How can we help get data into students' science explanations?

The Claims-Evidence-Reasoning (CER) framework provides a great structure to help students make sense of scientific information and develop their scientific explanations (McNeill and Krajcik 2011). However, many students struggle with connecting their evidence to their explanations when using data.

When we ask students to develop a scientific explanation from data, they need to connect the content they are working on, the data they are using, and the visuals of those data (see “Developing CER Capability Framework” in Resources for an interactive graphic of these connections). Teachers, as experts in working with data, fluidly integrate these three aspects to make meaning and develop scientific explanations. However, for students to successfully do this, they must perform certain key cognitive steps to help them pull everything together into a claim that uses evidence and reasoning.
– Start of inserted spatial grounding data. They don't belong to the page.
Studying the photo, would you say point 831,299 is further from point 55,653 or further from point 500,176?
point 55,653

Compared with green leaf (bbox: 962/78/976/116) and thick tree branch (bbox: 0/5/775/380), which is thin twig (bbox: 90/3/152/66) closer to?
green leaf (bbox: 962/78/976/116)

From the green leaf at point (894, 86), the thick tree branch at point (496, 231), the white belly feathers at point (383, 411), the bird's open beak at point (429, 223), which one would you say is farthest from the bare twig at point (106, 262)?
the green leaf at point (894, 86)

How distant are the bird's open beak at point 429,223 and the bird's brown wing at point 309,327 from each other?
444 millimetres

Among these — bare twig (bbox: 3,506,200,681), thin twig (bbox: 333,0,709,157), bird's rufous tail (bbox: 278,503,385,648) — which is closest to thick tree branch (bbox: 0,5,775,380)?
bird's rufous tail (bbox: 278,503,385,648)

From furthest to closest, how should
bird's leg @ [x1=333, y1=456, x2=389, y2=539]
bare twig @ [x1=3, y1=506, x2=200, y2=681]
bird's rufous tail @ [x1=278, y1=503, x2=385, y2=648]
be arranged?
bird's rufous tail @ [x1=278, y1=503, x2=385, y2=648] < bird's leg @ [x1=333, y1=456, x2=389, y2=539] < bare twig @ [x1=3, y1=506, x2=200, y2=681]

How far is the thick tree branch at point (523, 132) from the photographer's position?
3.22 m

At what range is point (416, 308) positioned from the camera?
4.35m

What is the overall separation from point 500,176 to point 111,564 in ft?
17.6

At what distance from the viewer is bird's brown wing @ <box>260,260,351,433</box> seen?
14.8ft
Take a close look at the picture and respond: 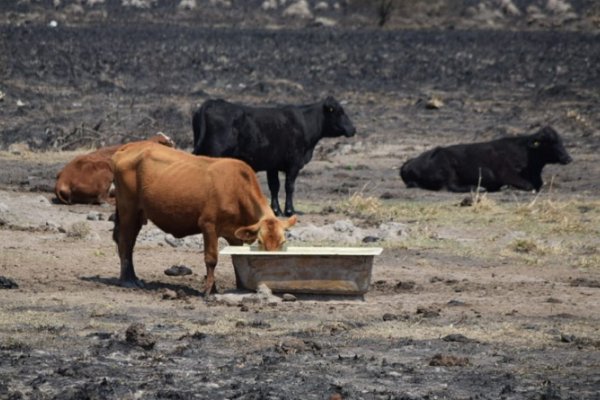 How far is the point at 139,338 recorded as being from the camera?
9.76 m

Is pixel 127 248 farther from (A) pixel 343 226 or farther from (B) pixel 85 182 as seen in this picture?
(B) pixel 85 182

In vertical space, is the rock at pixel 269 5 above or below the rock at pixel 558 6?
below

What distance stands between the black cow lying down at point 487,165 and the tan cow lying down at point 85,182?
4.43m

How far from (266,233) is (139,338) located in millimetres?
2343

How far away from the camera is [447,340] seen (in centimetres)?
1022

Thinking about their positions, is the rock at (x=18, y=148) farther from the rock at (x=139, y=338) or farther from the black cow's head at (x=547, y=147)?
the rock at (x=139, y=338)

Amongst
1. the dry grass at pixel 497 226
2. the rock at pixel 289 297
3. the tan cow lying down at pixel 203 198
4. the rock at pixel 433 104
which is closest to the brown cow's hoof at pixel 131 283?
the tan cow lying down at pixel 203 198

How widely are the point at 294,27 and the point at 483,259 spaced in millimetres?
39354

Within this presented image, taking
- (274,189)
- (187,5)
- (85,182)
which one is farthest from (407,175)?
(187,5)

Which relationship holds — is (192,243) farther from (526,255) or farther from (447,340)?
(447,340)

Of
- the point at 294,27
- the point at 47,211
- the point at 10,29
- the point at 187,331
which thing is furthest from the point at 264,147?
the point at 294,27

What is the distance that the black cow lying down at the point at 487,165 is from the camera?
21156 mm

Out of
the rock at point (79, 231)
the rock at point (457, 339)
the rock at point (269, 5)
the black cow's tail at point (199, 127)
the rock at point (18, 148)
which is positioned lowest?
the rock at point (269, 5)

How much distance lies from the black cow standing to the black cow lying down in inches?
84.3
The good news is that we can help them learn to make those steps; the key is focusing on the smaller steps. This month, we will explore each of these steps as a student would to make sense of how gravitational forces depend on the mass of interacting objects, based on data produced using the PhET Gravity Force Lab simulation when the mass of both objects are equal (see Figure 1 and Resources). PhET Interactive Simulations are free interactive simulations around math and science concepts, created by the University of Colorado Boulder, to empower students to explore and discover in a game-like setup (see Resources).

FIGURE 1
Gravitational force data

First, students need to engage with the content and visuals together. They need to understand:

  • What is the context of the data? The gravitational force between two objects was measured as the mass of both objects was changed.
  • What kinds of data are being used? Simulation data, kilograms for mass, and Newtons for force.
  • What kind of visualization is being used? A scatter chart with a line of fit.
  • What are the parts of the visualization? The x-axis is mass of the objects, the y-axis is the gravitational force between the objects, the blue dots are data points, and the orange dotted line is the line of fit for the data.
  • What is the overall shape of the visualization? It looks like a spread-out “J” or a hockey stick.
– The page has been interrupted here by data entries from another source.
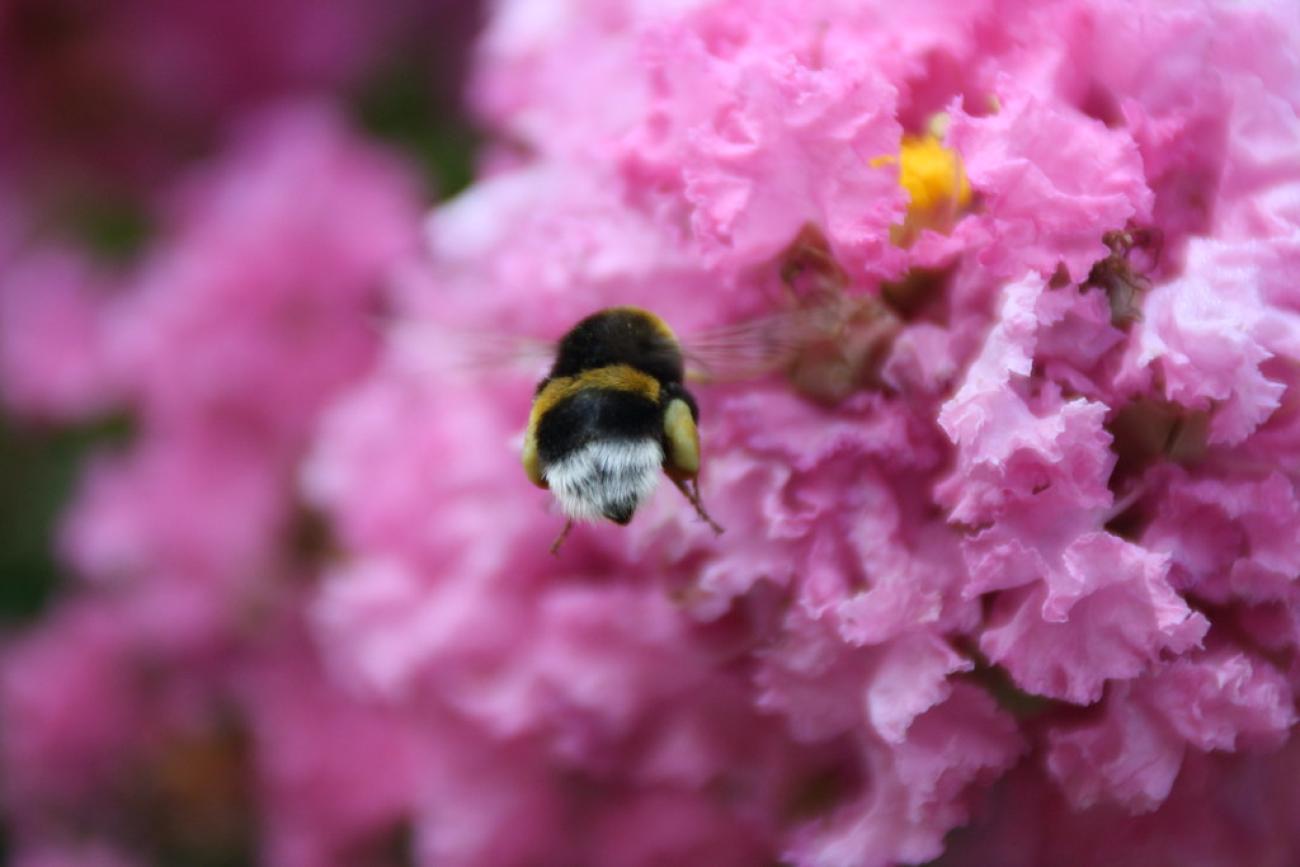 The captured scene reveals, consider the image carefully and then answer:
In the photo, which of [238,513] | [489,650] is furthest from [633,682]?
[238,513]

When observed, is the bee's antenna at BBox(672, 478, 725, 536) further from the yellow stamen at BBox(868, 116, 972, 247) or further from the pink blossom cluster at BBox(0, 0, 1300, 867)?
the yellow stamen at BBox(868, 116, 972, 247)

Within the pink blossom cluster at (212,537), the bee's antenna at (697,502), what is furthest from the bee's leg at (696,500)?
the pink blossom cluster at (212,537)

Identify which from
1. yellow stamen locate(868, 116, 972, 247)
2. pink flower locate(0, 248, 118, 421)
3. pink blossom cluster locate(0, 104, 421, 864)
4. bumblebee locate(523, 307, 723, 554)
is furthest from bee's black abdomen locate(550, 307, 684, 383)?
pink flower locate(0, 248, 118, 421)

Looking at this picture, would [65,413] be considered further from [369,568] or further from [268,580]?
[369,568]

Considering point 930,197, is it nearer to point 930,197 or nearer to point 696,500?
point 930,197

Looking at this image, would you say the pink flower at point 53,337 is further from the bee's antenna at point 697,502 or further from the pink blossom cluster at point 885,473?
the bee's antenna at point 697,502

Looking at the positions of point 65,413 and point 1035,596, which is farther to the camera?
point 65,413

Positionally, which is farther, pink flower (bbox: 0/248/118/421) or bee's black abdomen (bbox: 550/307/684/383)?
pink flower (bbox: 0/248/118/421) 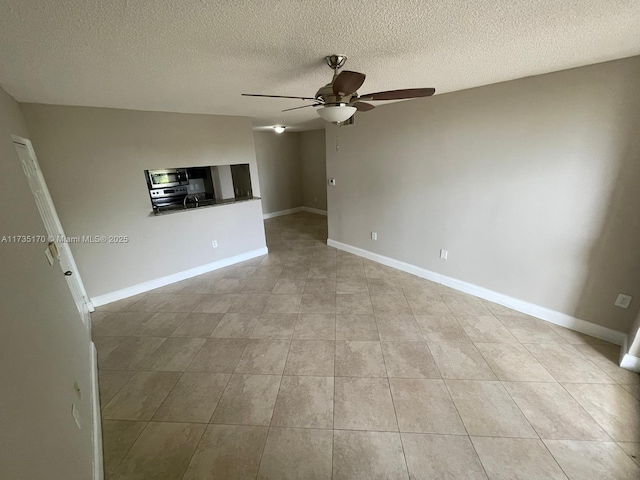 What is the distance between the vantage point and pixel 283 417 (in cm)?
171

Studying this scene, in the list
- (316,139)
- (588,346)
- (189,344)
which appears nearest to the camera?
(588,346)

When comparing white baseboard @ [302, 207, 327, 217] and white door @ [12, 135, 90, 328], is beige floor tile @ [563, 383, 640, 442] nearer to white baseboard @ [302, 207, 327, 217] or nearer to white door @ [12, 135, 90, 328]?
white door @ [12, 135, 90, 328]

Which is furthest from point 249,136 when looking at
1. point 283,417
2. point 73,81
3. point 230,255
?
point 283,417

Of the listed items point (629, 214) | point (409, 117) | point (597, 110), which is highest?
point (409, 117)

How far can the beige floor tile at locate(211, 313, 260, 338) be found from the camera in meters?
2.55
Second, students can start to interpret the visuals and the data. For this, they need to think through:

  • What are the data showing them? First the dots are all down low, but then they arch up more and more.
  • What are the ranges of the data? The mass of the objects ranges from 0–1,000 kg, and gravitational force ranges from 0–0.000005 N.
  • Are there any outliers? No.
  • How do each of the variables change? As the mass of the objects goes up, the gravitational force between them goes up, and vice versa.
  • What is the pattern in the data? It is a curved (nonlinear), positive relationship.

Finally, students can work to analyze the data and the content together. This is when students can start to make meaning of how the various parts combine together into a whole. They think through components such as:

  • What does the pattern mean? The gravitational force between two objects is not always the same but instead increases as the mass of the objects increases.
  • How could that pattern occur? The amount of force between the two objects must have something to do with the objects’ mass.
  • What does the pattern mean to them? I think this means that gravitational force between two objects depends on the mass of the objects.
  • How does the pattern relate to other things that they know or are learning? We are learning about how the properties of objects affect gravitational attraction, so now I think that mass is a property that affects gravitational force.
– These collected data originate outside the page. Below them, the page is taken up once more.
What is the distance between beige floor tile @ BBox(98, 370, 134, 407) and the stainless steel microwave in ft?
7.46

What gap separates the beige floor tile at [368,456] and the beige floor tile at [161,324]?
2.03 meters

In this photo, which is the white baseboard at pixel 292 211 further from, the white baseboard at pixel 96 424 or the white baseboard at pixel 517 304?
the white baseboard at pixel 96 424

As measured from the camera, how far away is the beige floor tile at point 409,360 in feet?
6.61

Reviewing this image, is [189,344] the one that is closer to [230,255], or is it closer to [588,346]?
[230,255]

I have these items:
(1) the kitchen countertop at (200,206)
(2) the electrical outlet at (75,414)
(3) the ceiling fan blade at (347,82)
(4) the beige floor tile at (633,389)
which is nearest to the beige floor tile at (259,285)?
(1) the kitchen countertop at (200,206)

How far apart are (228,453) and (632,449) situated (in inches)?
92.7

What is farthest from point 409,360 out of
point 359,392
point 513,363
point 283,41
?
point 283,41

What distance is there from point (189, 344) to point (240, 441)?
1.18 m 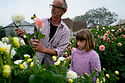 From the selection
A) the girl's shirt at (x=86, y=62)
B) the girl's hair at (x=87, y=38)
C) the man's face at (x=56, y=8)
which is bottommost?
the girl's shirt at (x=86, y=62)

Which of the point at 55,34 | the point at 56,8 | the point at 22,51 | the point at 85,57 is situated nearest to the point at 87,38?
the point at 85,57

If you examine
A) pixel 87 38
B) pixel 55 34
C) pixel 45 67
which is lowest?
pixel 45 67

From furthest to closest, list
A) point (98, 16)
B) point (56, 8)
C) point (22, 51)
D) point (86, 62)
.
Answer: point (98, 16) → point (22, 51) → point (86, 62) → point (56, 8)

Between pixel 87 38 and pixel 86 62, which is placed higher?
pixel 87 38

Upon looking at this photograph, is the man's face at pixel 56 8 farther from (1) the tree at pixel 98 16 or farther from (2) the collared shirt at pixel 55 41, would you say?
(1) the tree at pixel 98 16

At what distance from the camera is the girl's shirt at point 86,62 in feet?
6.58

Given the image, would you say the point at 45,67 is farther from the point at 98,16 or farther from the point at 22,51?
the point at 98,16

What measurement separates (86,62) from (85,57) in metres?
0.08

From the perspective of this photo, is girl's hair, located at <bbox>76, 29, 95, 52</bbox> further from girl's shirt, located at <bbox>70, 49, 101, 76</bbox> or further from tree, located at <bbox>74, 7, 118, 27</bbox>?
tree, located at <bbox>74, 7, 118, 27</bbox>

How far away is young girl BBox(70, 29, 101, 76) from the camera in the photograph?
2.03m

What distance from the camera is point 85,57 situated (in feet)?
6.87

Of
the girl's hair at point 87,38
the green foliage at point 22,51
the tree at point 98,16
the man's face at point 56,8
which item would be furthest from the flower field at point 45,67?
the tree at point 98,16

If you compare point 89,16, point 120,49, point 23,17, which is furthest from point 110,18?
point 23,17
Once students have gone through each of these steps, they are ready to make a claim, identify their evidence, and provide reasoning for how their evidence supports their claim. But if students skip over some of these steps, they will be missing some of the pieces that will allow them to make sense of the data.

Let’s explore a variety of ways we can help students better learn these steps and integrate data into their scientific explanations. First, you can take this approach to breaking down the steps prior to doing a CER, and do a self-assessment of your lesson plan:

  • Does it offer opportunities for students to conduct each of the cognitive steps of engage, interpret, and analyze before you ask them to write a CER?
  • Is there ample time for students to complete each step in class or with active learning strategies, rather than asking them to complete steps outside of class by themselves?

If the answer to either or both of the questions is no, then it is time to adjust the plan to provide opportunities for students to practice each step. Breaking a data experience down into the cognitive steps that novices need to work through to make sense of data can be challenging for us as experts. But similar to breaking down a concept into its subcomponent parts to teach it, we need to support our students’ work with data by breaking the process into steps. We need to teach them the skill of making sense of data and content—often, simultaneously. The above questions are a good place to start when thinking of prompting questions to use when your students start to learn this skill. As they become more proficient, start pulling back on asking all of the questions from each section to determine whether they can ask and answer them on their own, without your prompting.

We can also adjust the questions or prompts we include on physical products (e.g., worksheets, lab protocols) that we ask our students to complete during an experience with data. These questions and prompts help guide our students through their experience with data, and provide a visual reminder of what is important to do when making sense of data. Therefore, being aware of what we are including on the page is a great way to determine whether we are setting students up for success or inadvertently making it harder for them. For example, if you were using the PhET Gravity Force Lab simulation in your class, you could set up your worksheet to have five components:

  1. Data: Include space for a table so that students can collect data during the simulation and plot the data at the end of the simulation.
  2. Engage: Include the questions above to guide students’ understanding of the graph.
  3. Interpret: Include the questions above to guide students through making sense of what is on the page in terms of data.
  4. Analyze: Include the questions above to help students make sense of how the data on the page relate to other things that they know.
  5. Conclusion/CER: Ask students to state their claim, evidence, and reasoning based on their data, as well as any further concluding or connecting questions they have regarding the topic area.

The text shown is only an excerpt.